Judith Suissa, Anarchism and Education: A Philosophical Perspective, 2nd edition Oakland, CA: PM Press, 2010; 164pp, $19.95 ISBN: 978-1-60486-114-3
Anarchist theory. The words alone are enough to strike fear in most that hear them, making anarchism often maligned and misunderstood. In education, radical theories have been centered in Marxism in the works of scholars like Paulo Freiré and Peter McLaren. Interestingly, anarchism has been heavily invested with educational projects globally but has not been sufficiently theorized in the educational context. Luckily, Judith Suissa explores what she calls a 'social anarchist' engagement with anarchist theory and education. Originally published in 2006 (Routledge), this second edition has now been published by PM Press. There has been recent work since its initial publication, which should have been covered in a more thorough introduction that places the book within its historical conjuncture (see, for example, Antliff, 2007; DeLeon, 2008). Despite this, the book produces a critical and informative narrative about what social anarchism can mean for education. Suissa highlights five important claims that can be gleaned from the social anarchist literature: mutualism, federalism, collectivism, communism and syndicalism. It is through these that I will position this book and its implications.

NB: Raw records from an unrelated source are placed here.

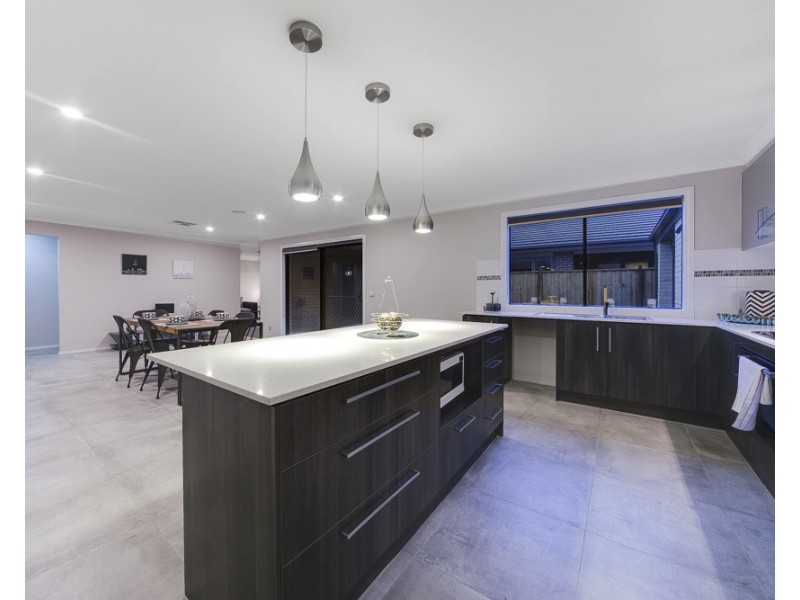 LOT 121 COUGAR CRESCENT, Clyde North VIC 3978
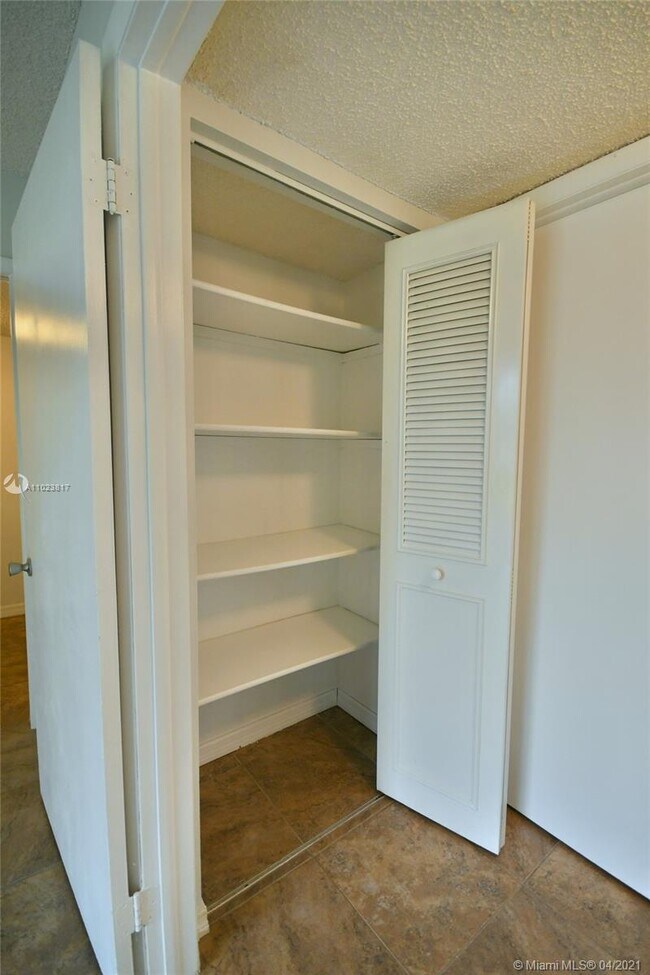 Building Photo - 8075 SW 107th Ave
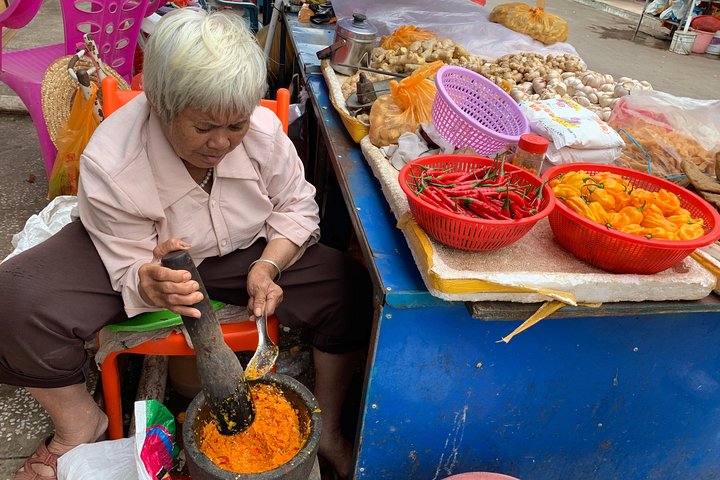 Excursion à terre à Sanya: visite du parc Sanya Luhuitou et du marché d'épicerie local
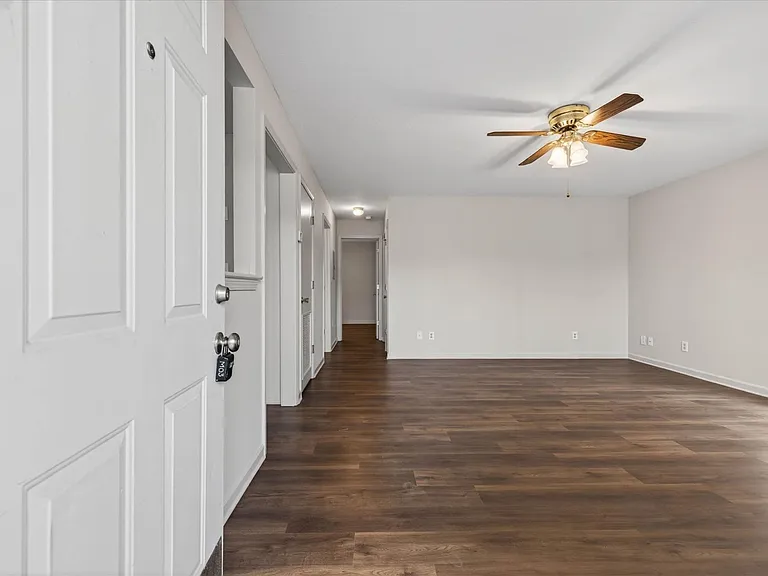 Waters Edge Drive-1851 (x4) — Photo 3
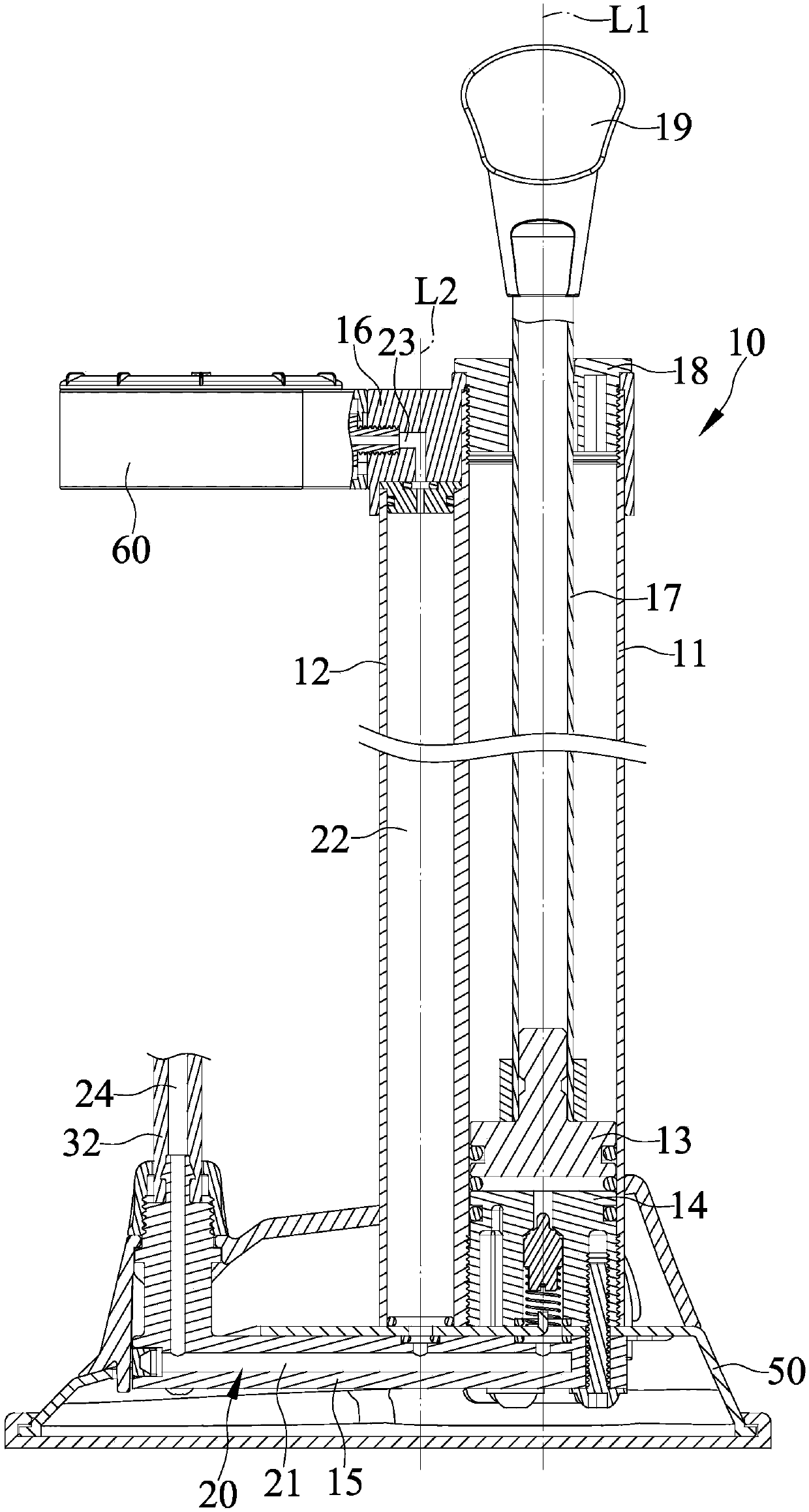 Pump capable of pumping tubeless tire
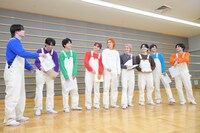 シーズン11の抱負を発表する超特急メンバー。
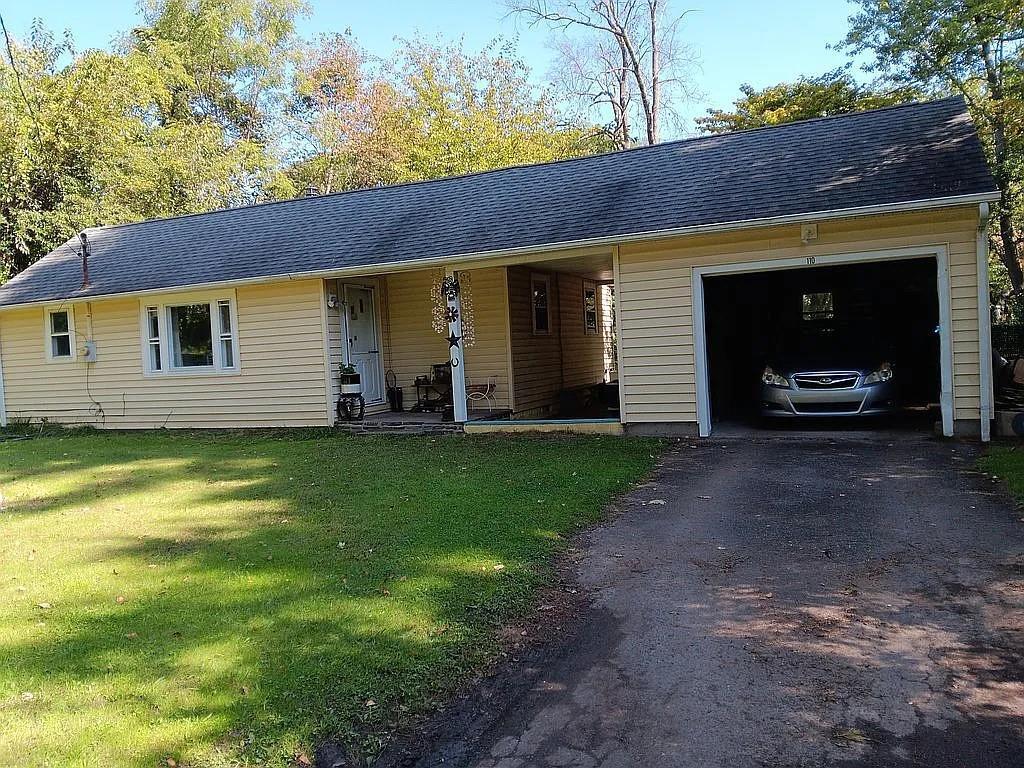 Foto principal - 110 Brigham Ln
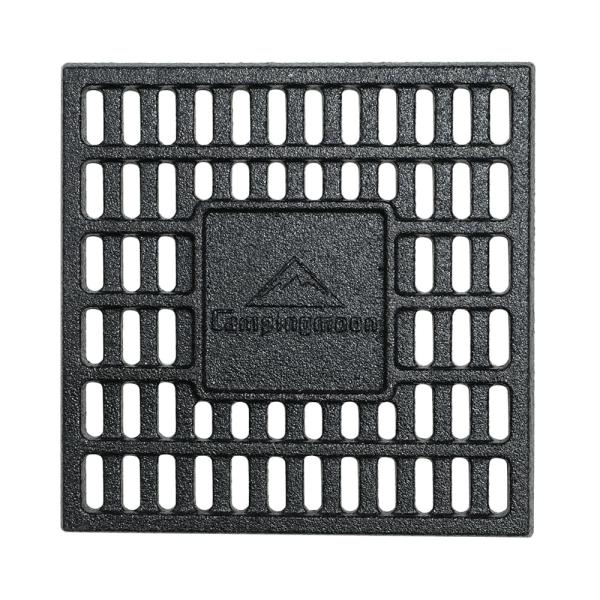 ●焚き火台の燃焼効率・安定性を上げるための金属プレート●正方形タイプの焚火台に対応する炭床です。焚火台にセットして燃焼部分の底上げをすることで、木炭や薪の燃焼効率がアップ。中央には着火剤を置くための窪みを備えています。本体は、強度・耐熱性の...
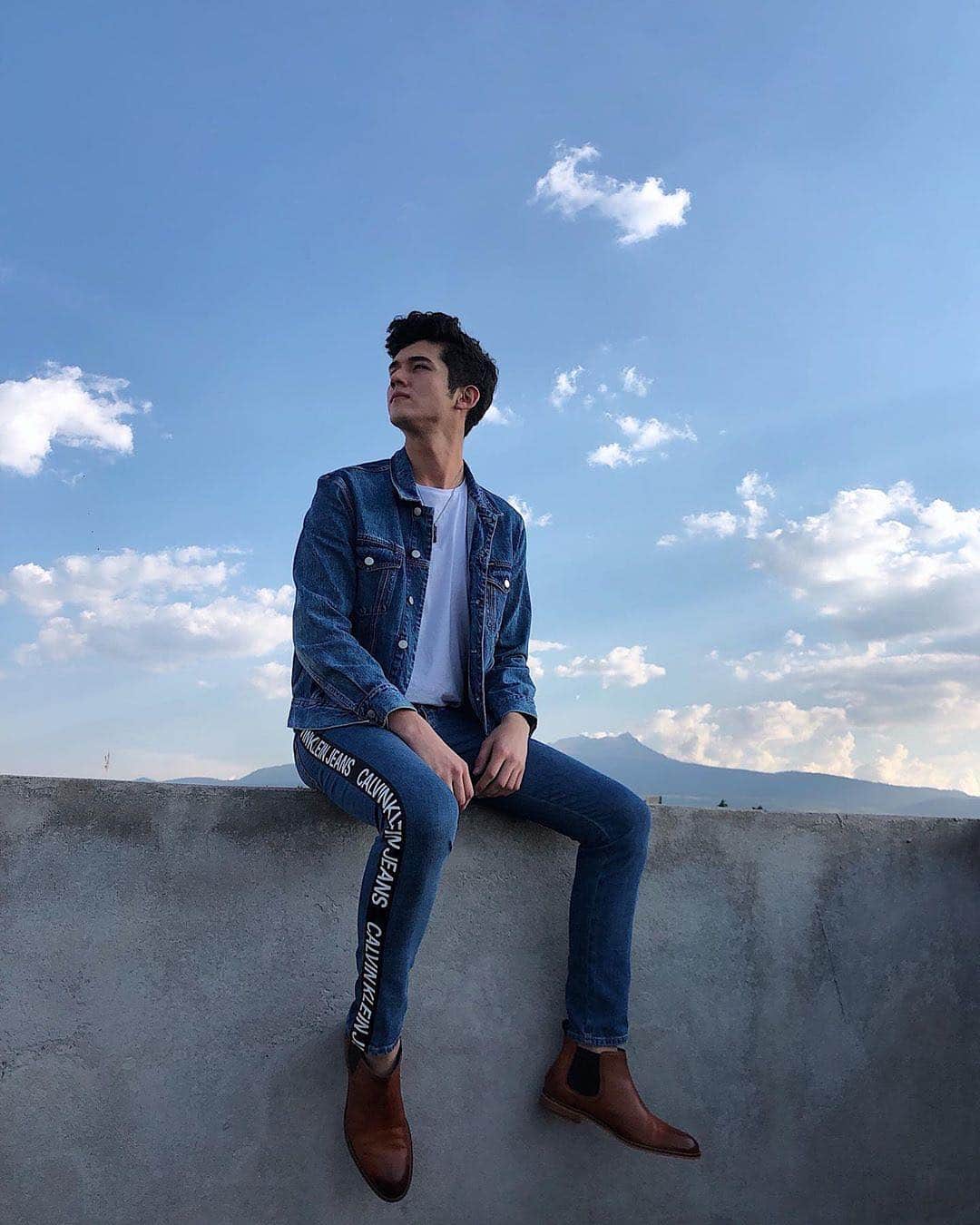 Calvin Kleinさんのインスタグラム写真 - (Calvin KleinInstagram)「Head in the clouds ☁️ @alexislozad shows his #MYCALVINS style with our Slim Logo Tape Jeans and Tough Blue #Denim Trucker Jacket. #CALVINKLEIN 📸: @arantxa.chs ⠀⠀⠀⠀⠀⠀⠀⠀⠀⠀⠀⠀⠀⠀⠀⠀⠀⠀⠀⠀⠀⠀⠀⠀⠀⠀⠀ Tap 🔝 to shop」6月24日 22時34分 - calvinklein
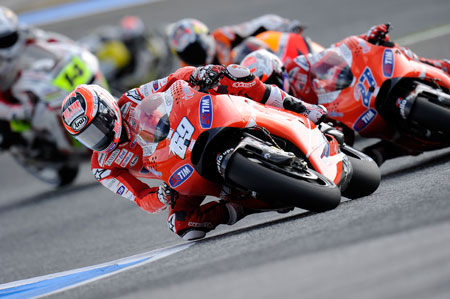 Nicky hayden ahead of Stoner, Dovizioso, de Puniet and a cast of, oh, a dozen or so. (Pic: Ducati)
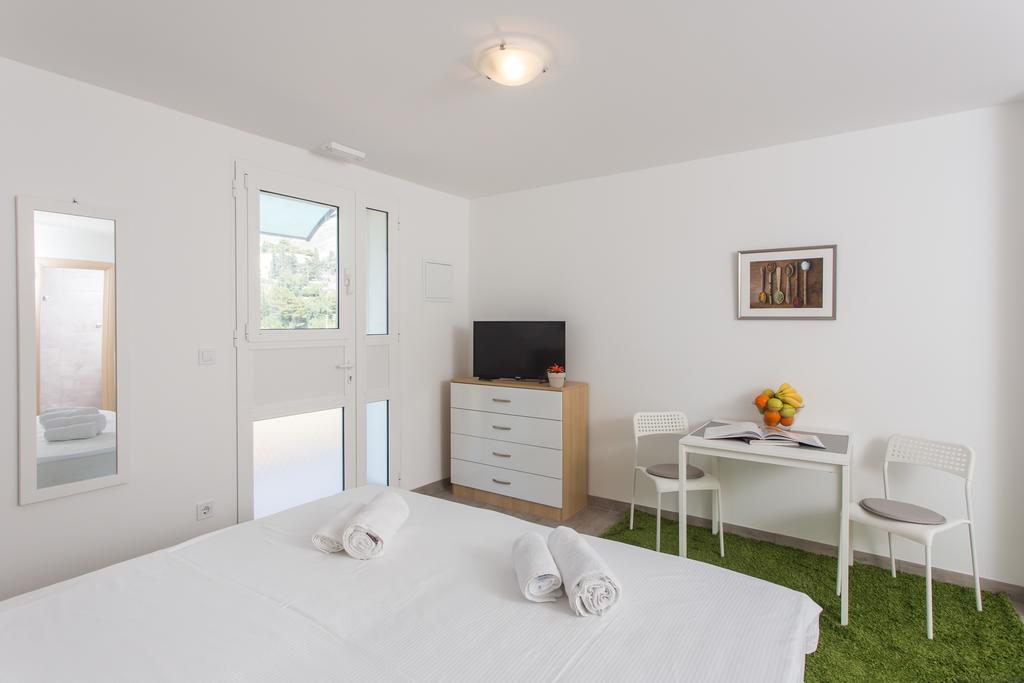 Guest House Eight Roses دوبروفينك المظهر الخارجي الصورة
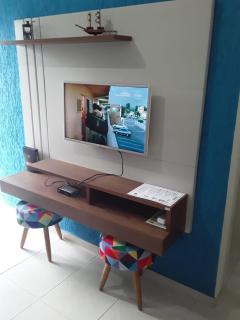 Apartamento com Estacionamento nos Ingleses a 5 min do Centrinho e da Praia - 1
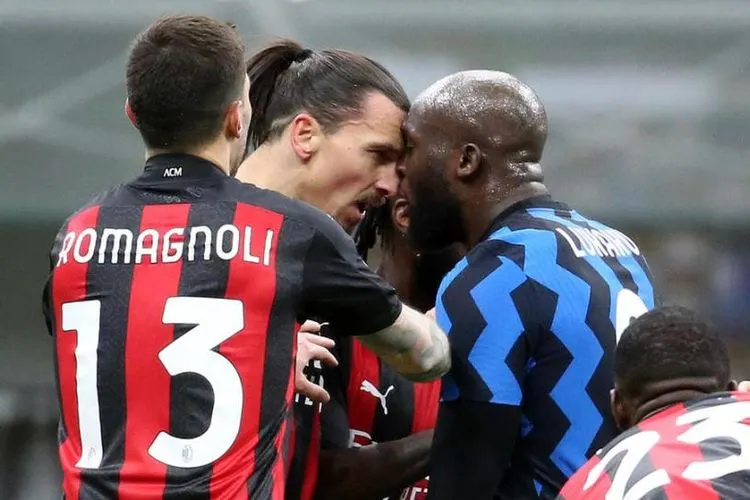 Penyerang Inter Milan Romelu Lukaku (kanan) bersitegang dengan striker AC Milan Zlatan Ibrahimovic. Foto: EPA-EFE/MATTEO BAZZI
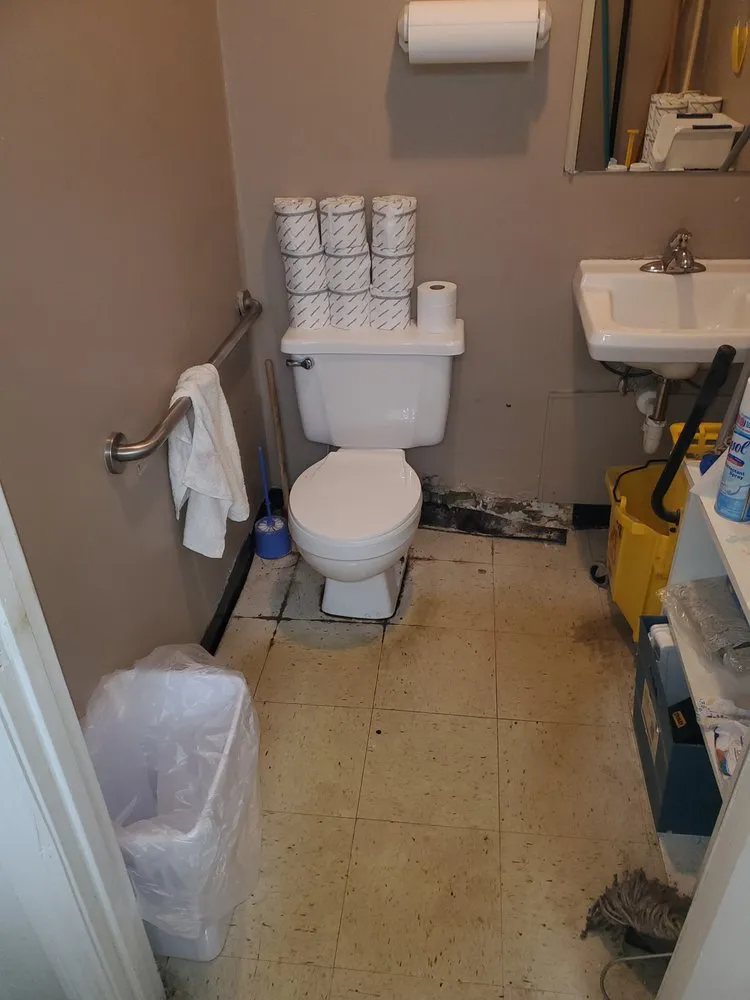 Affordable yard maintenance in Louisville, KY by Precision Cleaning and Landscape Services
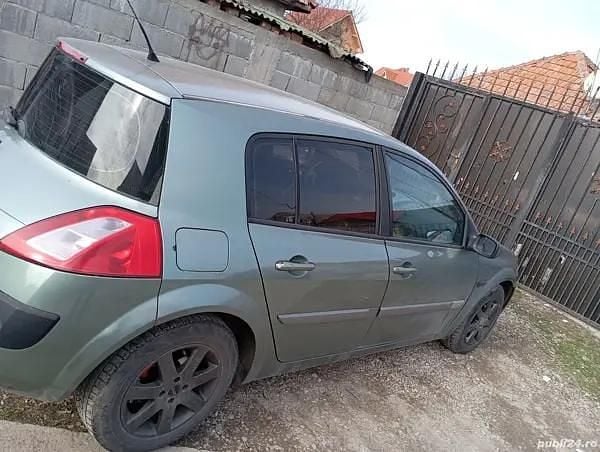 Second-hand 2003 Renault Mégane II Berlinǎ | 900 EUR (Preț bun) - Imagine 1/3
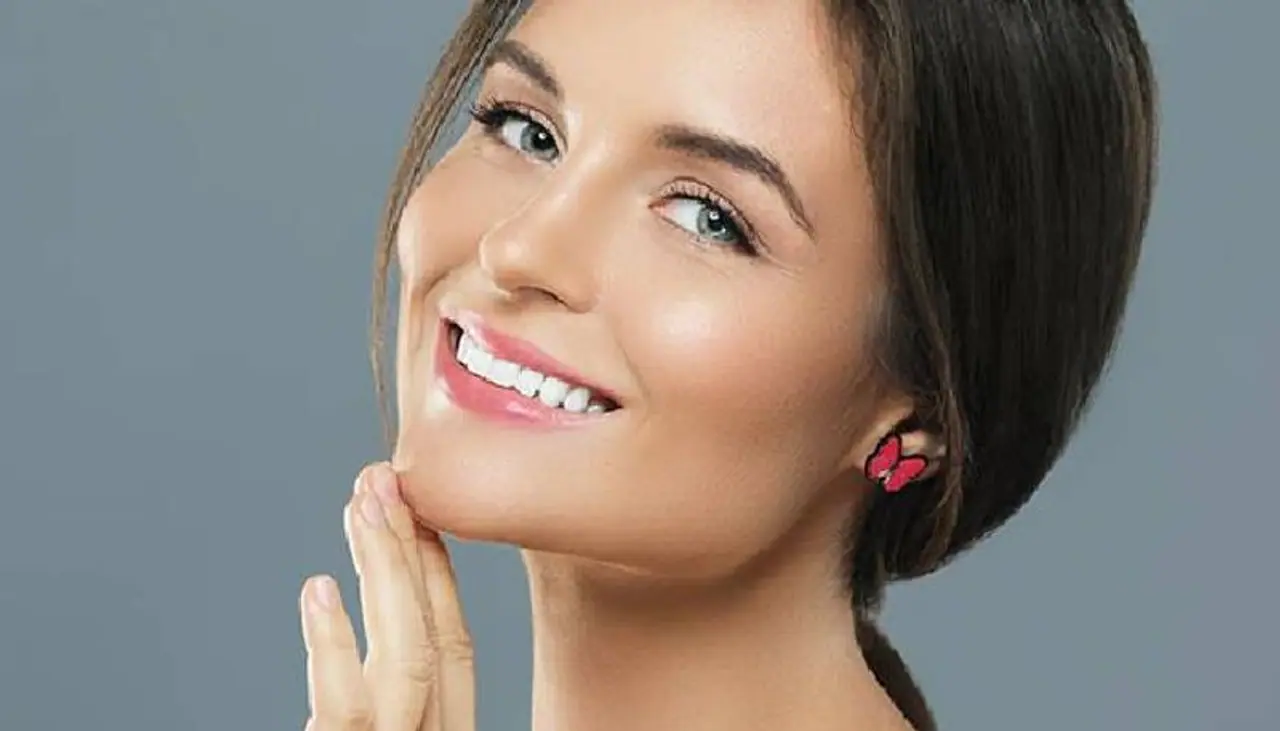 <p>Wouldn't it be just amazing to have a secret potion that would set everything perfect? Believe it or not, that wonder product is lurking somewhere in your kitchen shelf, voila! It is vinegar.</p> <p>Wouldn't it be just amazing to have a secret potion that would set everything perfect? Believe it or not, that wonder product is lurking somewhere in your kitchen shelf, voila! It is vinegar.</p>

Mutualism is an important feature of social anarchist thought, and supports the notion that 'society should be organized not on the basis of a hierarchical, centralist, top-down structure such as the state, but on the basis of reciprocal voluntary agreements between individuals' (p.l 1). Cooperation and the ideal of mutual community building lies at the heart of many anarchist projects, especially when we think about the role(s) that anarchists envision education to assume. According to Suissa, it can be the role of education to 'systematically promote and emphasize cooperation, solidarity, and mutual aid', which will 'undermine the values underlying the capitalist state' (p.32). Suissa speaks to several historical examples, specifically an excellent treatment of the Escuela Moderna project of Francisco Ferrer in Spain (p.80).
She also points to anarchist conceptions of federalism. This is envisioned as a loosely organized series of communities and networked through councils - 'established spontaneously to meet specific economic or organizational needs of the communities; they would have no central authority, no permanent bureaucratic structure, and their delegates would have no executive authority' (p. …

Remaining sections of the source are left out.